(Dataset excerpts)
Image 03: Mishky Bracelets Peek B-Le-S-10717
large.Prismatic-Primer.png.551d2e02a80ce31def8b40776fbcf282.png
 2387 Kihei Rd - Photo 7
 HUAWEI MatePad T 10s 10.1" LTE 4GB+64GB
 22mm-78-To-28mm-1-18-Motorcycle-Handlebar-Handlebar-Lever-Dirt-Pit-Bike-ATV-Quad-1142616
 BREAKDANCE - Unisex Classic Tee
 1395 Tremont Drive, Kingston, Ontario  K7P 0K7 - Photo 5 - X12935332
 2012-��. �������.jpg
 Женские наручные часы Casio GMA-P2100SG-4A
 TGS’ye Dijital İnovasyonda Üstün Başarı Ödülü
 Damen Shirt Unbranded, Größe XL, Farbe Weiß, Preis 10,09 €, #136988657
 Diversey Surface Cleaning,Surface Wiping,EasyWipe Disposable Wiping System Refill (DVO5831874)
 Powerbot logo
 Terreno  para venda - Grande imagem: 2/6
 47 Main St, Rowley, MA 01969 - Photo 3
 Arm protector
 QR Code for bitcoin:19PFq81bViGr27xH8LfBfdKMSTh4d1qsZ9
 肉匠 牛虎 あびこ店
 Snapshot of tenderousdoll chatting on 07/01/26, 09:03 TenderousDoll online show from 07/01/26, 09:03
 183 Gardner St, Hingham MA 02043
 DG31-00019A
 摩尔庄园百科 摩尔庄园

Your task – Your task is to repeat every entry above exactly.

Exercise solution –
Image 03: Mishky Bracelets Peek B-Le-S-10717
large.Prismatic-Primer.png.551d2e02a80ce31def8b40776fbcf282.png
 2387 Kihei Rd - Photo 7
 HUAWEI MatePad T 10s 10.1" LTE 4GB+64GB
 22mm-78-To-28mm-1-18-Motorcycle-Handlebar-Handlebar-Lever-Dirt-Pit-Bike-ATV-Quad-1142616
 BREAKDANCE - Unisex Classic Tee
 1395 Tremont Drive, Kingston, Ontario  K7P 0K7 - Photo 5 - X12935332
 2012-��. �������.jpg
 Женские наручные часы Casio GMA-P2100SG-4A
 TGS’ye Dijital İnovasyonda Üstün Başarı Ödülü
 Damen Shirt Unbranded, Größe XL, Farbe Weiß, Preis 10,09 €, #136988657
 Diversey Surface Cleaning,Surface Wiping,EasyWipe Disposable Wiping System Refill (DVO5831874)
 Powerbot logo
 Terreno  para venda - Grande imagem: 2/6
 47 Main St, Rowley, MA 01969 - Photo 3
 Arm protector
 QR Code for bitcoin:19PFq81bViGr27xH8LfBfdKMSTh4d1qsZ9
 肉匠 牛虎 あびこ店
 Snapshot of tenderousdoll chatting on 07/01/26, 09:03 TenderousDoll online show from 07/01/26, 09:03
 183 Gardner St, Hingham MA 02043
 DG31-00019A
 摩尔庄园百科 摩尔庄园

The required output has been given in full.